Ich denke, daß der Autor recht hat, dieses Thema besonders hoch zu veranschlagen:
In der restlichen Infoarbeit und den Aktionen ist das Thema oft in den Hintergrund gerückt. Dabei ist es die wichtigste Frage überhaupt, die und das zu bezeichnen, das sonst NIEMAND thematisiert. Es gibt genug Bewegungen, die sich auf Umweltschutz, Datenschutz, Konsumkritik, reine Kritik am Genderwahn, Kulturmarxismus, Islam, etc. eingeschossen haben. Aber all diese Fragen sind sekundär gegenüber der Frage von Masseneinwanderung und Überfremdung! Hier liegt das größte Problem, denn wessen Daten, Umwelt, Religion, Familien und Kulturen will man schützen, wenn unser Volk verschwunden ist?

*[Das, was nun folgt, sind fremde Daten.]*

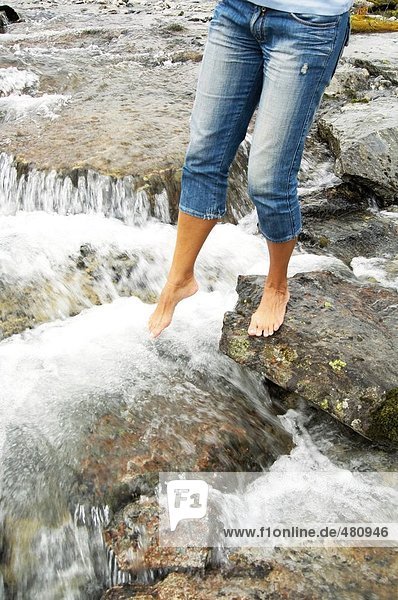 Niedrige Schnittansicht der Frau stehend auf Felsen in river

Er schließt mit dem Appell:
Unsere Forderung nach echter Demokratie, nach einem Offenlegen aller Zahlen; danach, dass man das Volk endlich vor die Wahl stellt, ob es abgeschafft werden will, ist das wichtigste Thema, dem alles Denken und Streben aller Identitären 24 Stunden am Tag und 365 Tage im Jahr gelten sollte!
Julius
Die Reaktion der veröffentlichten Meinung auf dieses Abstimmungsergebnis ist wieder einmal ein besonders schönes Beispiel dafür, daß "Demokratie" so wie auch all die anderen schönen Werte wie "Gleichheit", "Toleranz", Menschenrechte" usw. in Wahrheit leere Worthülsen sind, die situationsbedingt, je nach Hinter- bzw. Vordergrund, ihren Sinngehalt und damit auch ihre Aussage und ihre Stoßkraft wechseln können und ganz rasch auch die gegenteilige Bedeutung haben können wie noch kurz zuvor: Chamäleonworte könnte man sagen.

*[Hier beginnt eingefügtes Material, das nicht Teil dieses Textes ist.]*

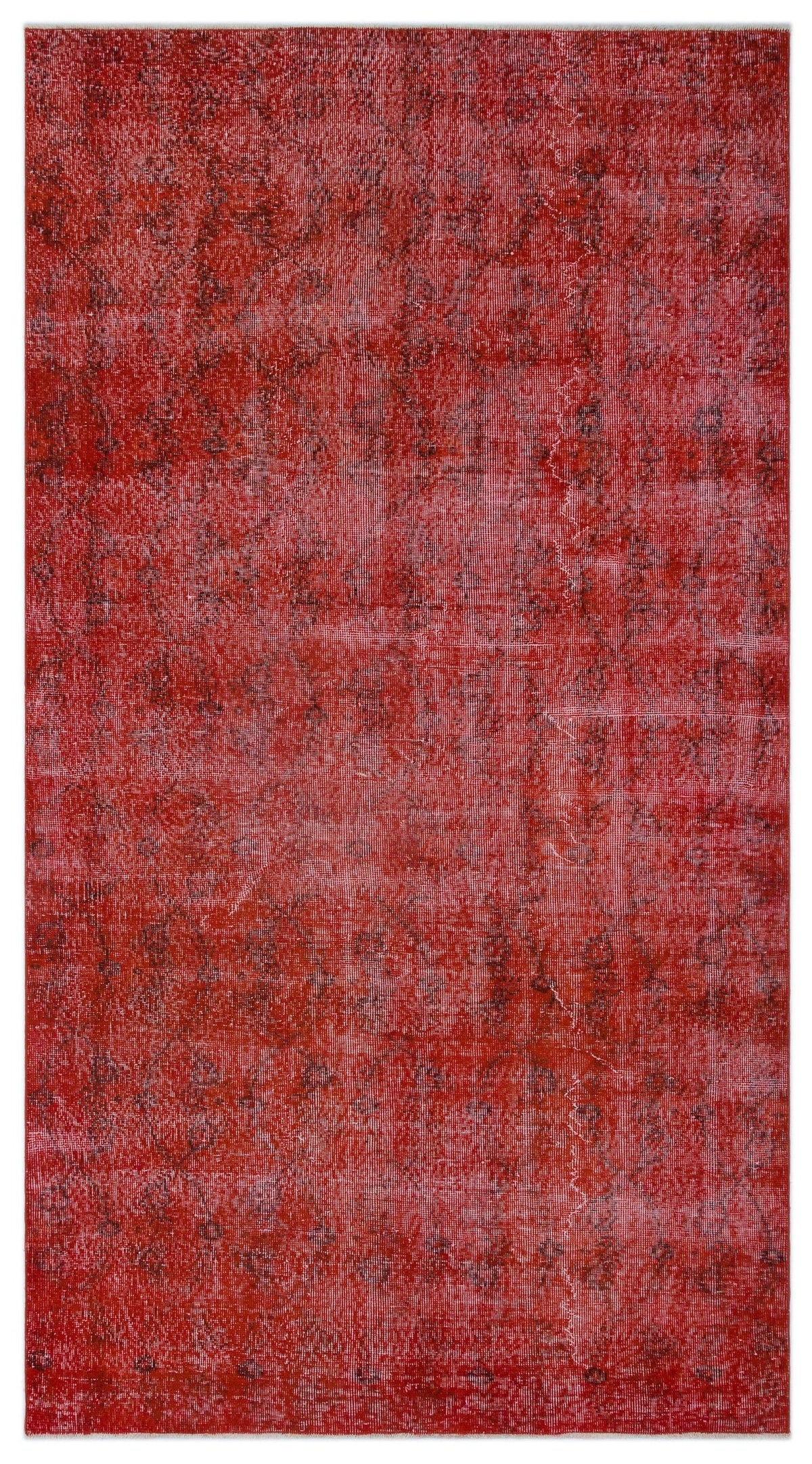 Solid red vintage-style rug with a faint, distressed dark grey floral medallion pattern.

Die Demokratie, vor allem die direkte, ist halt leider oft antidemokratisch. Deswegen darf man sie, vor allem aus historischen Gründen in Deutschland, zum Schutz vor antidemokratischen Erscheinungen nur in abgeschwächter Form, also als indirekte Demokratie auftreten lassen. Sprich: Der Demos muß geführt werden, damit er sich nicht verirrt. Verlogener geht's kaum.